GOING on a holiday is now a smoother process, with consumers able to explore and book travel and accommodations without having to go through middle-men. The online market for travel is huge.
According to Statistics Brain, 148.3 million online travel bookings are made each year, and they comprise 57% of all travel reservations. This is an issue for hoteliers, according to FastBooking co-chief executive officer Jean-Luc Chrétien.
“The hotel industry is a service business and not a technology business. Hotel companies invested little into systems, with many still using legacy systems based on airline booking systems”.
Paris-based FastBooking, founded in 2000, provides e-commerce solutions to the hospitality industry. Earlier this year, it was acquired by French giant the AccorHotels group.
The rapid growth of travellers looking online for accommodations took many hoteliers by surprise, according to Chrétien. “Hotels, like everyone else, built websites, but no one anticipated that booking hotels would go online so fast,” he said. “It took less than 10 years for people with desktops, and it took less than five years for people to start booking with their smartphones,” he added.
This spawned the online travel agency (OTA), a new “species” within the travel industry that had never been seen before, Chrétien said. “These companies were born online and started to organise themselves to allow consumers to access travel and hospitality options online,” he said.

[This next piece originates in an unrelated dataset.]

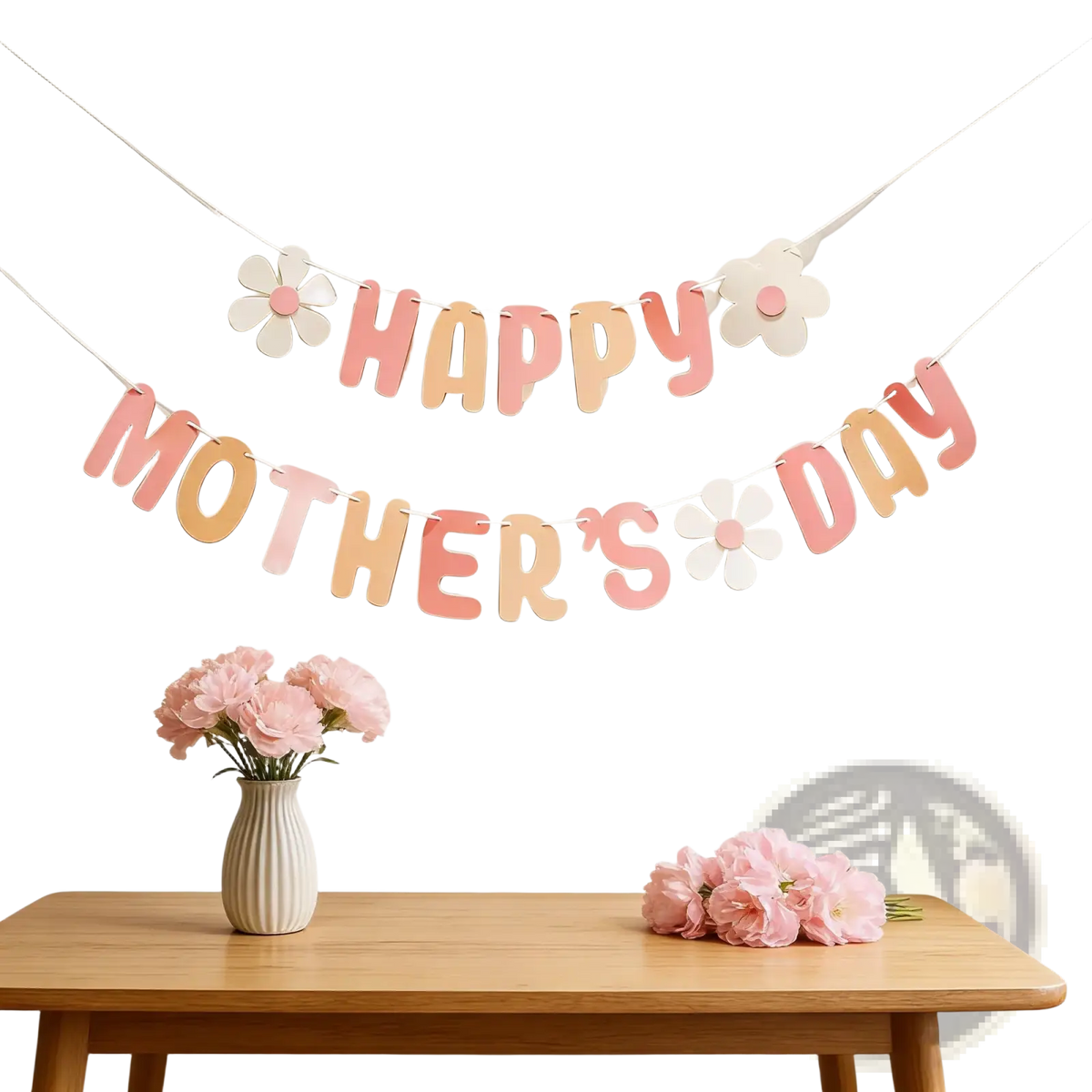 Mothers day daisy paper banner wall decor with pastel pink and peach gradient lettering and white paper flower accents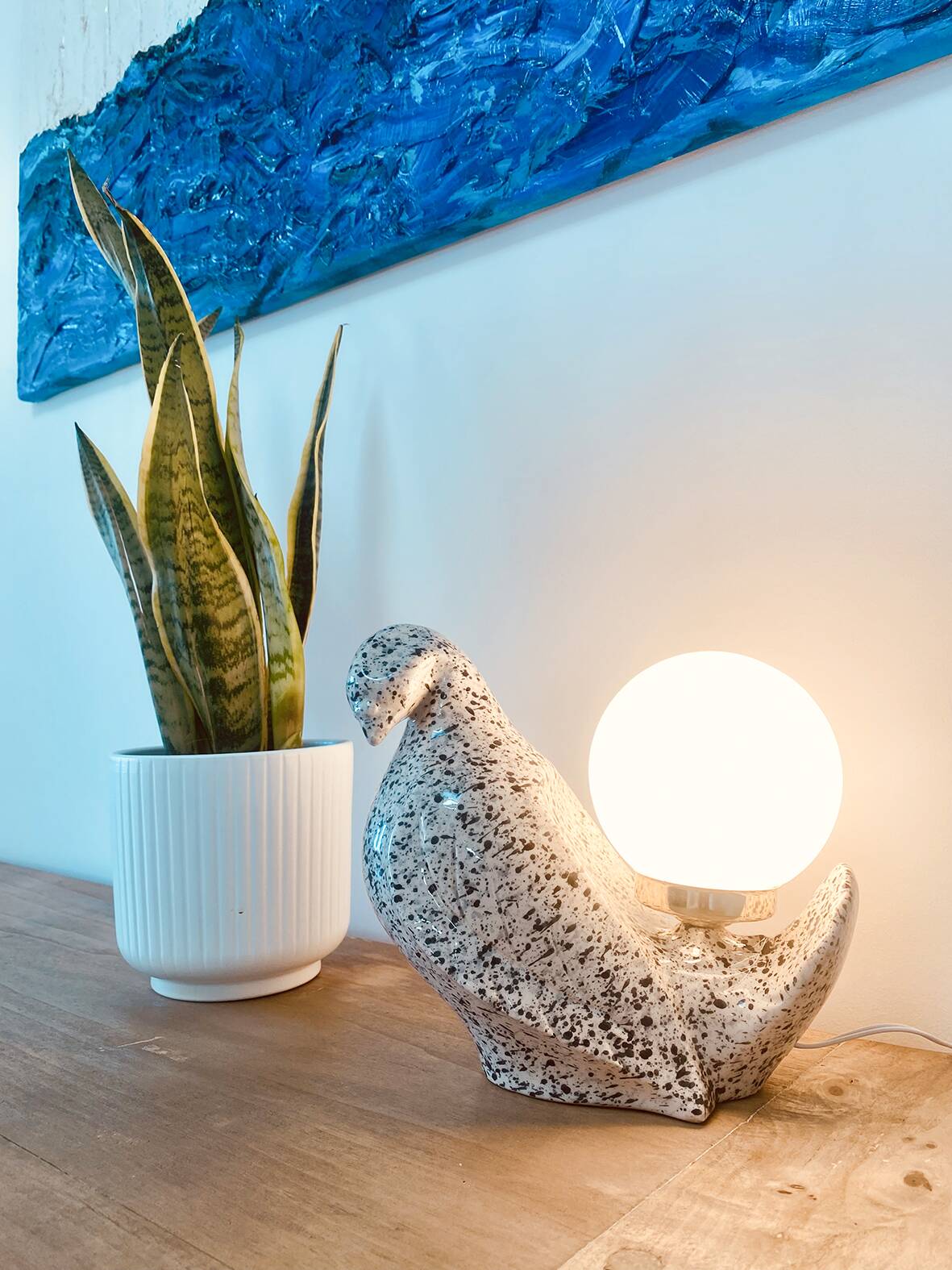 "Speckled dove" ceramic bird lamp, 1970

Having guests book via an online travel agent was accepted by hoteliers, until this started eating into their profit margins. “Hoteliers were okay with this arrangement when OTAs brought in 10% of online business, but when it became 50% of online business, it became more of a problem,” Chrétien said. “That’s when they realised they needed a tool to access technology and help with their web marketing,” he added. The great leveller
While the Internet has often been touted as a great leveller, allowing anyone with access to go up against the goliaths, this opportunity is closing for hoteliers, Chrétien argued. “When the Internet arrived, everyone saw the opportunity for small hotels and chains and it was true because it opened access to the consumer,” he said.
When consumers search online for accommodations from halfway round the world, search engines show results other than the huge hotel chains and groups.
“Consumers can now access small boutique hotels, and bed-and-breakfasts,” he added.
But this space is closing up, and even the smaller hotels are finding it hard.
Now, merely having a website is not enough to attract consumers to stay, with OTAs dominating the search results, Chrétien argued. “The opportunity is closing and becoming more difficult for these smaller players, as even the big hotel groups are entering the space,” he said.